Fig 1.
Cardiomyocyte viability and morphology.
(A) Schematic of experimental design. Three pairs of pigs were subjected to either Langendorff perfusion or tissue slicing-assisted digestion (TSAD) for the isolation of cardiomyocytes from the left ventricle (LV), right ventricle (RV) and left atrial appendage (LAA). Isolated cells were subjected to a series of evaluations. (B) Representative images of cardiomyocytes stained using calcein-AM and EthD-1 following isolation. Scale bar = 100 μm. (C) Quantification of the percentage of viable cardiomyocytes in (B). (D) Quantification of the percentage of rod-shaped cardiomyocytes from (B). (E) Quantification of cell length in (B). Data are mean ± SEM. ** P < 0.01, two-way ANOVA, compared to Langendorff.
Fig 2.
Cardiomyocyte structure and ultrastructure.
(A) Immunofluorescence staining of ACTN2 (red) and DAPI (blue) in isolated porcine cardiomyocytes. Scale bar = 10 μm. (B) Quantification of sarcomere length in (A). (C) Transmission electron microscopy (TEM) of porcine CMs. Scale bar = 2 μm (upper panel); = 500 nm (lower panel). Mitochondrial size and mitochondrial area fraction. (D) were quantified from 3 independent experiments. Data are mean ± SEM. * P < 0.05, two-way ANOVA, compared to Langendorff.
Fig 3.
RNA-seq of isolated cardiomyocytes.
(A) Volcano plots of DEGs between Langendorff and TSAD-isolated porcine CMs. Cyan, genes upregulated in TSAD group; violet, genes upregulated in Langendorff group. (B) Venn diagram showing the number of shared and distinct genes between Langendorff and TSAD groups within the top 500 expressed genes for LV, RV and LAA, respectively. (C) Functional enrichment (KEGG) of shared and distinct genes between cardiomyocytes isolated by Langendorff or TSAD. (D) qPCR validation of cardiomyocyte contraction-, fatty acid metabolism-, and ion channel-related genes. Data are mean ± SEM.
Fig 4.
Action potential recordings of porcine cardiomyocytes.

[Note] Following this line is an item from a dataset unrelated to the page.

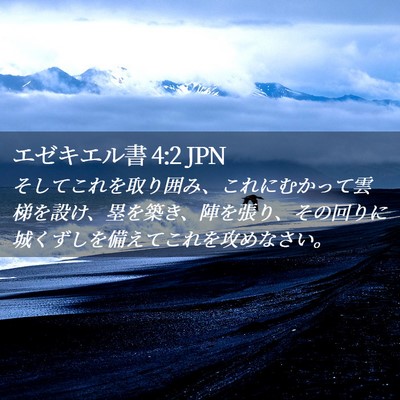 Picture 02 - エゼキエル書 4:2 JPN - そしてこれを取り囲み、これにむか - Bible Verse Picture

(A) Whole-cell patch clamping of freshly isolated porcine CMs. (B) Quantification of action potentials. Action potential parameters, including action potential amplitude (APA), peak, rate of membrane depolarization (dV/dtmax), resting membrane potential (RMP), and action potential durations at 30% (APD30), 50% (APD50), 70% (APD70) and 90% (APD90) repolarization, were quantified. Data are mean ± SEM. * P < 0.05, ** P < 0.01, two-way ANOVA, compared to Langendorff.